The black-and-yellow sports car actually appears in the film even before we see Herbie the VW Beetle. Human protagonist Jim Douglas drops into a hoity-toity European import car dealer and starts lusting after the Apollo until the dealer owner and antagonist Peter Thorndyke appears to try selling Douglas on the car. Douglas says he’s looking for something closer to $75, some “cheap, honest transportation,” which Thorndyke is repulsed by, but an interruption from Herbie sets the rest of the movie in motion.
It’s far from the last time in the movie that the Special appears. As Douglas and Herbie humiliate Thorndyke and his high-end European sports cars on the race track, Thorndyke tries using the Special against Douglas a couple of times. He has love interest and fellow car and racing enthusiast Carole Bennett borrow the car and tempt Douglas with a test drive, and then eventually Thorndyke takes the wheel in the grand finale race to try and defeat the little Beetle. As such, the car is nearly as big a star as the eponymous Love Bug.
Of course, while never referred to as such in the film, the Thorndyke Special is a 1965 Apollo GT. According to Bonhams, it’s lived quite a life. It was one of two used for filming, and it’s believed this was the car used for more of the driving and stunt work. Part of this was due to damage found during restoration, and reports that the other car was cut up for various camera angles. The car began a full restoration starting in 2004 when it was just a roller in primer. The process ended up taking 9 years, and in addition to matching up some of the damage with film footage, documentation from the film was found to go with the car.
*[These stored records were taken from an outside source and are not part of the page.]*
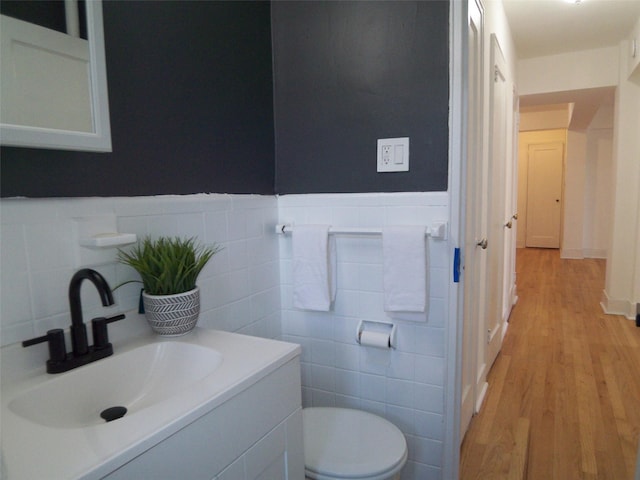 bathroom with vanity, wood finished floors, wainscoting, tile walls, and toilet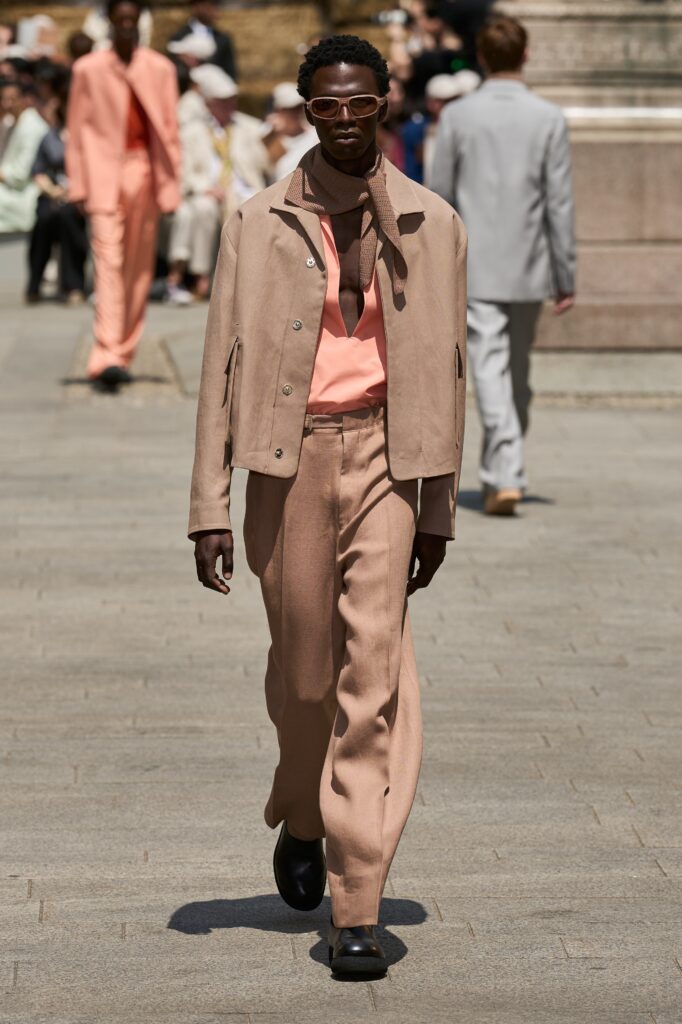 A relaxed beige cotton jacket with long sleeves and a collared design, paired with wide-leg pants.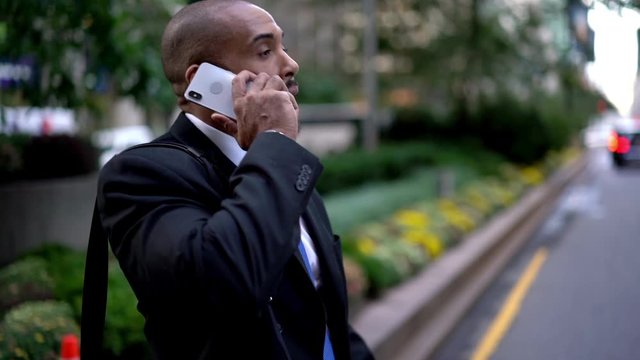 Slow motion effect of Latin businessman contacting operator service for making international consultancy during way time in downtown, concept of roaming connection on modern cellphone
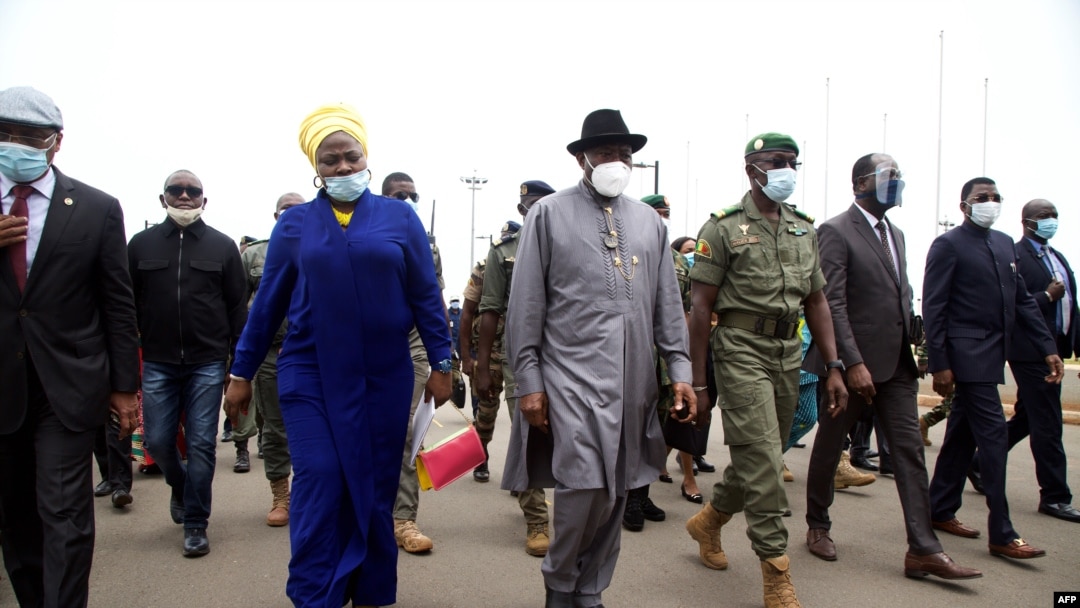 Mantan Presiden Nigeria Goodluck Jonathan (tengah) berjalan di Bandara Internasional di Bamako setelah kedatangannya pada 22 Agustus 2020, sebagai bagian dari upaya internasional untuk memulihkan ketertiban di Mali setelah kudeta militer. (Foto: AFP)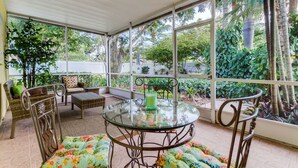 Une terrasse couverte, aménagée avec des meubles en osier, une table en verre et offrant une vue sur une végétation luxuriante.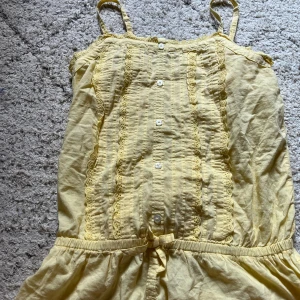 Gult korsettagtigt linne med spets från Lindex -  gul korsettaktigt linne från Lindex med smala axelband och dekorativa spetsdetaljer.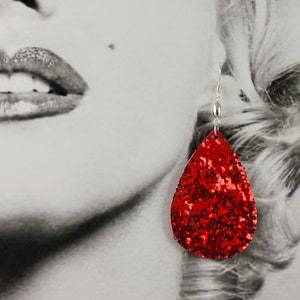 May include: A pair of red glitter teardrop earrings with silver hooks.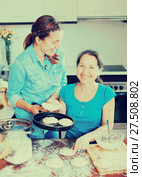 Two laughing women making pies. Стоковое фото, фотограф Яков Филимонов / Фотобанк Лори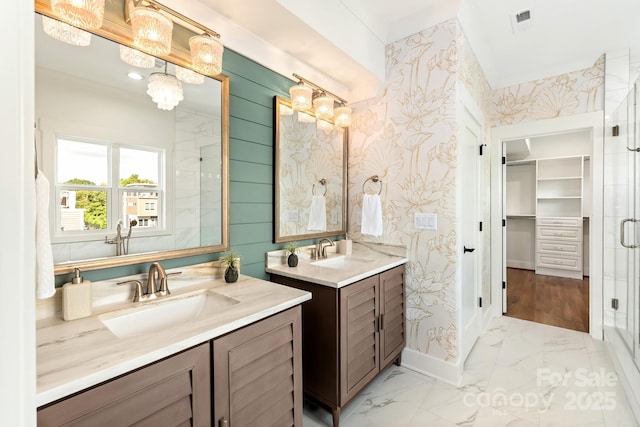 full bath featuring a sink, two vanities, marble finish floor, and a stall shower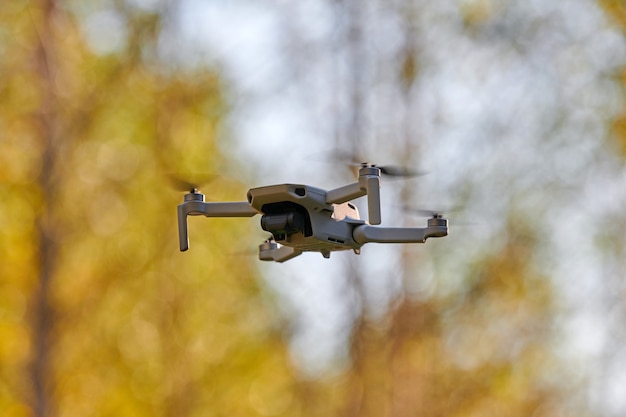 Drone cuadricóptero en el cielo. Pequeño avión no tripulado vuela en el cielo tomando videos y fotos.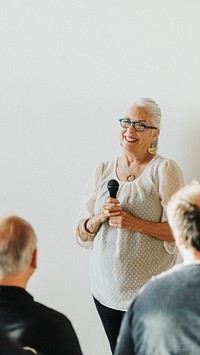 Cheerful elderly woman speaking on a microphone in a seminar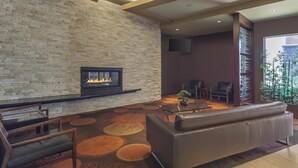 A modern lobby with a stone wall, a fireplace, leather seating, and a large window. - Best Western Cold Lake Inn (Cold Lake)
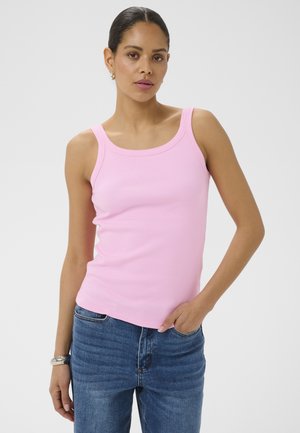 Frau trägt ein ärmelloses hellrosa Oberteil und blaue Jeans, mit der rechten Hand in der Tasche, vor einem einfarbigen grauen Hintergrund.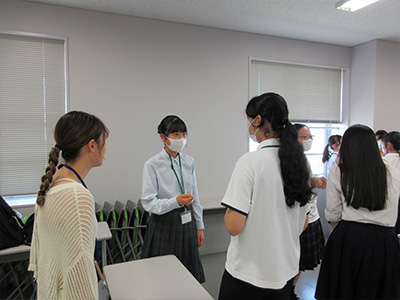 県立女子大学学生チューターのサポートを受けながら英語の活動をする塾生の様子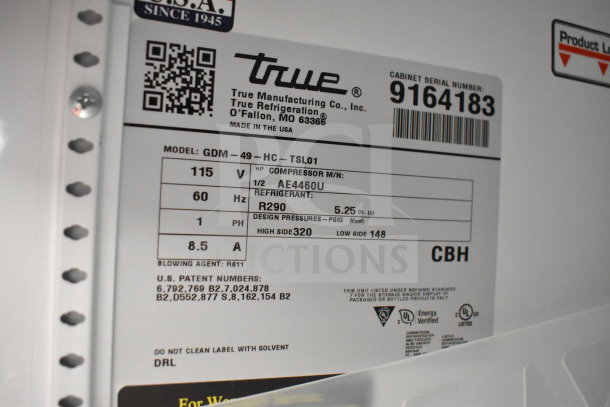 2017 True GDM-49-HC Commercial Cooler, 2-door, tested working, 115V, single-phase. Label shows specs and serial number.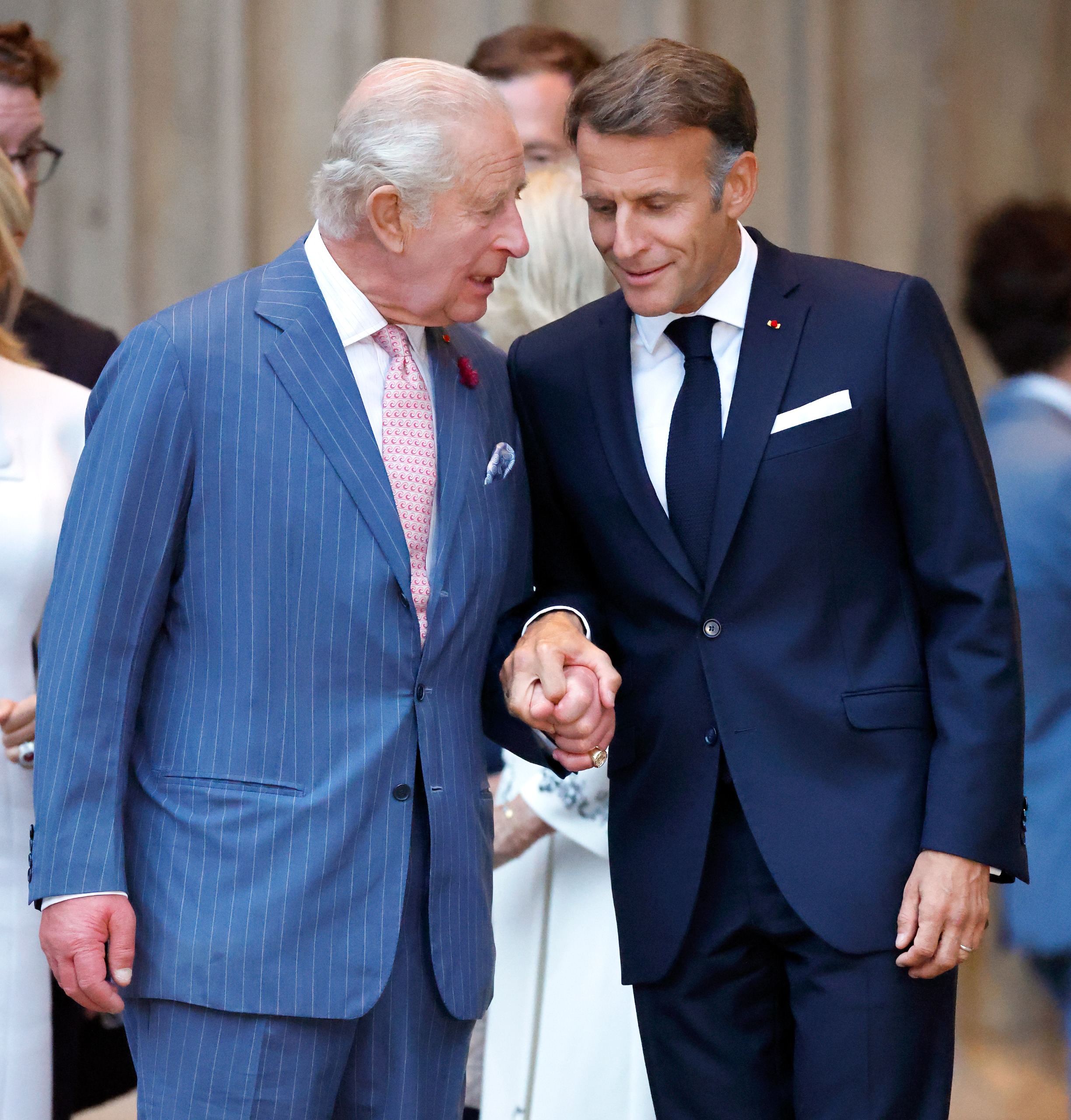 King Charles and Emmanuel Macron holding hands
It’s been finished just like it was in the movie with the vivid yellow paint and striking black stripes and racing numbers.
For those unfamiliar, the Apollo GT itself is a sweet ’60s sports car developed in the U.S. This is a later 5000GT version with a 4.9-liter Buick V8 under the hood, replacing the earlier models’ 3.5-liter Buick V8. Power was around 250 horsepower, and it sent it through a manual transmission to the rear wheels. Funny enough, this all means that the specs Douglas rattles off at the dealer are wrong. It’s 300 cubic inches, not 400, and it doesn’t appear to have dual four-barrel carburetors. The sub-5-second 0-60 time also would seem unlikely. But the real specs would put it right on par with a contemporary Jaguar E-Type. It also packed fully independent suspension under the aluminum alloy body that is classic GT through and through. Inside it has a business-like black cabin stuffed with Jaeger gauges to match the sporty exterior.
According to Hagerty, a “#3 Good Condition” Apollo GT like this would go for around $162,000. That’s just under the low end of what Bonhams is anticipating for this example. The auction house estimates it will go for between $175,000 to $250,000, which seems reasonable considering the provenance and condition of the movie car. Now if you’ll excuse me, your resident Love Bug enthusiast, I need to figure out how to raise a couple hundred grand in a couple weeks. Anyone interested in some organs?